___ Supplied records ___
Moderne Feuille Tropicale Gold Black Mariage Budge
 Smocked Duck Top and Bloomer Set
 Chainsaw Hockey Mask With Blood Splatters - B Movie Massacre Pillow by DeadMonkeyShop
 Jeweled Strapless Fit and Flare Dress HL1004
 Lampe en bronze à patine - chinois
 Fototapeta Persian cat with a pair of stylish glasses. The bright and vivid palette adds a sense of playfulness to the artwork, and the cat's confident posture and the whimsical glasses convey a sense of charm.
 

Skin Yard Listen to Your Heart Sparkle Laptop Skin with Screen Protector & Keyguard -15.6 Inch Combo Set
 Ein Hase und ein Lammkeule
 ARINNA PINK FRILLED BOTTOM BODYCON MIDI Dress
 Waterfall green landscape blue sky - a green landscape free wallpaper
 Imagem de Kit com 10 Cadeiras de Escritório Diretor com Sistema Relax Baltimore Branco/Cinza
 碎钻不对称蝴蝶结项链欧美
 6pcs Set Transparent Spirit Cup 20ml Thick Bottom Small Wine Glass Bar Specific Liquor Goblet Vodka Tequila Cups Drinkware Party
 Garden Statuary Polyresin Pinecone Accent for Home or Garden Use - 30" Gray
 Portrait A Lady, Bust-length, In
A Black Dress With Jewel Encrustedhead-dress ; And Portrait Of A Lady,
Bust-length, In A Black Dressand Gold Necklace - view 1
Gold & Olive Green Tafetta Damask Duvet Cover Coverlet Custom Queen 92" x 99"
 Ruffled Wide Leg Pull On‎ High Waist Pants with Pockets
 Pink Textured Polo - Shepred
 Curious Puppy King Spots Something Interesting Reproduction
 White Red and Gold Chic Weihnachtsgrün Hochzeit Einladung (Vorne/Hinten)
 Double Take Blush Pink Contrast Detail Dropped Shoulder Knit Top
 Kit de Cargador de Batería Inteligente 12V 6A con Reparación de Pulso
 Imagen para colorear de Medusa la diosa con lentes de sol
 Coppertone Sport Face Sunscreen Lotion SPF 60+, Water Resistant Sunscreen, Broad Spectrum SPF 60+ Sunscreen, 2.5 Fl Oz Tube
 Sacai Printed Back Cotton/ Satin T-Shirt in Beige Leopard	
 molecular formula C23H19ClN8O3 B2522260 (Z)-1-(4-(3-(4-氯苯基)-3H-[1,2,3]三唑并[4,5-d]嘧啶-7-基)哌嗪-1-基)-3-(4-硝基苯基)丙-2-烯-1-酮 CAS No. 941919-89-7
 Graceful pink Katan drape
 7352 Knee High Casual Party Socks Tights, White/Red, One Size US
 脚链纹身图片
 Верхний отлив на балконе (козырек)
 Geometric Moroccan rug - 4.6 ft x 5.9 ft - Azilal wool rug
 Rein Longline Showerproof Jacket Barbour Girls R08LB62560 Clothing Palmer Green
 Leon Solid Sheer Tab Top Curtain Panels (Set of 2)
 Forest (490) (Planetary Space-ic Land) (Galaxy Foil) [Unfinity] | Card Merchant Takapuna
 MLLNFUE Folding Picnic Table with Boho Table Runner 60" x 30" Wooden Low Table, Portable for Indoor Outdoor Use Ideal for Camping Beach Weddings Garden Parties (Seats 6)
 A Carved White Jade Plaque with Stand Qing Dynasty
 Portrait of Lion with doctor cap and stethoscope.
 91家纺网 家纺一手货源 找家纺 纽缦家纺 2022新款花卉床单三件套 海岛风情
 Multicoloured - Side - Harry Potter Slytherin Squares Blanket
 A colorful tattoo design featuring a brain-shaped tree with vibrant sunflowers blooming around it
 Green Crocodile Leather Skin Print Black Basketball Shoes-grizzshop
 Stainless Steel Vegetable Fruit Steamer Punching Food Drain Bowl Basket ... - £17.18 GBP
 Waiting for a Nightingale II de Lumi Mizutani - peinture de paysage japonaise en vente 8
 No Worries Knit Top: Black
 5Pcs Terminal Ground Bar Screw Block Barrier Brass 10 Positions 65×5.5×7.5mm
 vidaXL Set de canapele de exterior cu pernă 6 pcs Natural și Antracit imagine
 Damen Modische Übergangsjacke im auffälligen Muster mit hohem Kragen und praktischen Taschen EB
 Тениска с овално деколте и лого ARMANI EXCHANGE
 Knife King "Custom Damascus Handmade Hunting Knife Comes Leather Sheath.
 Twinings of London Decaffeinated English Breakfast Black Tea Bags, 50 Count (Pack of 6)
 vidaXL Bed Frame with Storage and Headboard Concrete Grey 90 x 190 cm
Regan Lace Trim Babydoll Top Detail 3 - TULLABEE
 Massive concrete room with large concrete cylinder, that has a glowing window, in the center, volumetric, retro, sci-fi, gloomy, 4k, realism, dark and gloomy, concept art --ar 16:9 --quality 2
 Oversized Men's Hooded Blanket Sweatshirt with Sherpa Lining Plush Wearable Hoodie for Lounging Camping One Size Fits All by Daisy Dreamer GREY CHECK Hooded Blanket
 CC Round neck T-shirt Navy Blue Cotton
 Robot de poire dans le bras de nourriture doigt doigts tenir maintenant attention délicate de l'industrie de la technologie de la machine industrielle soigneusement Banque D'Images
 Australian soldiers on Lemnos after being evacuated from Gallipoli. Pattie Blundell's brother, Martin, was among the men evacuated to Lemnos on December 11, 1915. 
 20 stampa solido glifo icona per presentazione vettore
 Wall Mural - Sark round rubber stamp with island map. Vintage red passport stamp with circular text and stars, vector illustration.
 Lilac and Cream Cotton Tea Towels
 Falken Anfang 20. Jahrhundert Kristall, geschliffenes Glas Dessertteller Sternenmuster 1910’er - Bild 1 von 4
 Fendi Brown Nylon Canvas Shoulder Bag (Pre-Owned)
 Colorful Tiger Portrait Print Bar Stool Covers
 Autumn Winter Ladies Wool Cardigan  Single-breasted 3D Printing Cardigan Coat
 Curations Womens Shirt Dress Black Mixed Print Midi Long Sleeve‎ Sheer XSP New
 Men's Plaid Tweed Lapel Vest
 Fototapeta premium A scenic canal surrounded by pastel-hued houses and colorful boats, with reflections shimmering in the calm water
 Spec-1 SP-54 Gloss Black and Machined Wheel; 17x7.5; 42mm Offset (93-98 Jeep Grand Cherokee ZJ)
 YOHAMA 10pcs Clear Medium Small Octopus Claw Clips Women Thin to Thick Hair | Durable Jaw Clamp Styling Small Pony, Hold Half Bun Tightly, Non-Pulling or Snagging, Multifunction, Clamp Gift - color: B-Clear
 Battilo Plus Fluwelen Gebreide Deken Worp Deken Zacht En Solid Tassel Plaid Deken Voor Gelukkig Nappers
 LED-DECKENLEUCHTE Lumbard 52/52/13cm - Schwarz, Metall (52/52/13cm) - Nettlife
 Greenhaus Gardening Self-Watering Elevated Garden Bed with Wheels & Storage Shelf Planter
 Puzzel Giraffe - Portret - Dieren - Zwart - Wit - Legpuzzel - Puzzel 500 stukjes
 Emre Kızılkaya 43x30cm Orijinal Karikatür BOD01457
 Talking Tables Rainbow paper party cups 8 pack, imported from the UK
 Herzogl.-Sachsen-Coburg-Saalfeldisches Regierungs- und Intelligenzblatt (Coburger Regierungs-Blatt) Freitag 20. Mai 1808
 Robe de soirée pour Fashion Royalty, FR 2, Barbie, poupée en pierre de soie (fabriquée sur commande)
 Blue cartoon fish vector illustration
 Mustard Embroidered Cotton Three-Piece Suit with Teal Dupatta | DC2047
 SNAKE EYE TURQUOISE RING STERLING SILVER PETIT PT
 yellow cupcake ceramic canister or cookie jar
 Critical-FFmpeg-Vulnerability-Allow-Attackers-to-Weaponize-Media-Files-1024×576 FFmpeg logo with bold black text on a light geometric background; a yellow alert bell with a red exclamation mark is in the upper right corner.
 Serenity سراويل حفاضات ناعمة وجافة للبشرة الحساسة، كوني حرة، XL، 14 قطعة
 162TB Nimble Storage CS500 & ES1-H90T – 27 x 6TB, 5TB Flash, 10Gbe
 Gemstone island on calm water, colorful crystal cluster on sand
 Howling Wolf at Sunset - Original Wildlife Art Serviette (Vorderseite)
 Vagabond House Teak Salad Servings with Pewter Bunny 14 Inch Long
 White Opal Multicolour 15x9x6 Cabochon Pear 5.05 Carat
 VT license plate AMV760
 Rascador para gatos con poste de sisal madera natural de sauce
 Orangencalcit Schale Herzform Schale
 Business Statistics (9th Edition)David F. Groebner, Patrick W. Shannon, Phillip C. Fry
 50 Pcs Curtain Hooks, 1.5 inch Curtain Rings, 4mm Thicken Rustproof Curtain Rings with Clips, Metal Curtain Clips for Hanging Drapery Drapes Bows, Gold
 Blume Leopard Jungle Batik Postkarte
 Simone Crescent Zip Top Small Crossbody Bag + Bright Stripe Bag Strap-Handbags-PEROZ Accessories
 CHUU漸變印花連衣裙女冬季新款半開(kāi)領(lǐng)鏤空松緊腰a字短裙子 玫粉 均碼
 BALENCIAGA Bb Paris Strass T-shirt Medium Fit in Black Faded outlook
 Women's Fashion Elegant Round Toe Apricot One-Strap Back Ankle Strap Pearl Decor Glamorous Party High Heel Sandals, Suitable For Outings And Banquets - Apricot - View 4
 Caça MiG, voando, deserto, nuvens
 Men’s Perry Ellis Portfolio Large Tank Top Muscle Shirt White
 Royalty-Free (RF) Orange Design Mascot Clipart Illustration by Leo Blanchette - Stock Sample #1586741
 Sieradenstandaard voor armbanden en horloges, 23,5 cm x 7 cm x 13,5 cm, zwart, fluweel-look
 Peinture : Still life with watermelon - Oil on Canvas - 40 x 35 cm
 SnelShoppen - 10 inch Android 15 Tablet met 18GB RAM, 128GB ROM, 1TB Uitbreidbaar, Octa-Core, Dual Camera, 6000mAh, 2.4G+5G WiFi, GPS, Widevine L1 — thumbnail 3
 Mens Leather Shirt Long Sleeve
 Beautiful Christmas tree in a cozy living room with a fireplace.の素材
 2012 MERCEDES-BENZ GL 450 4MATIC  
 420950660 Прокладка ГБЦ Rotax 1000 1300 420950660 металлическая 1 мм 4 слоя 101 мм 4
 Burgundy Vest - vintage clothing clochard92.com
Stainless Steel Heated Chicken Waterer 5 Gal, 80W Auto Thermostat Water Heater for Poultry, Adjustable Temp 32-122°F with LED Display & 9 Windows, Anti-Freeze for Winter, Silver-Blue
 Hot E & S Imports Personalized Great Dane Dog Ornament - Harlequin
___
■ Your objective: Go through the material above and output exactly the lines from the one containing "Forest (490) (Planetary" through the one containing "A Carved White".

■ Response to the task:
 Forest (490) (Planetary Space-ic Land) (Galaxy Foil) [Unfinity] | Card Merchant Takapuna
 MLLNFUE Folding Picnic Table with Boho Table Runner 60" x 30" Wooden Low Table, Portable for Indoor Outdoor Use Ideal for Camping Beach Weddings Garden Parties (Seats 6)
 A Carved White Jade Plaque with Stand Qing Dynasty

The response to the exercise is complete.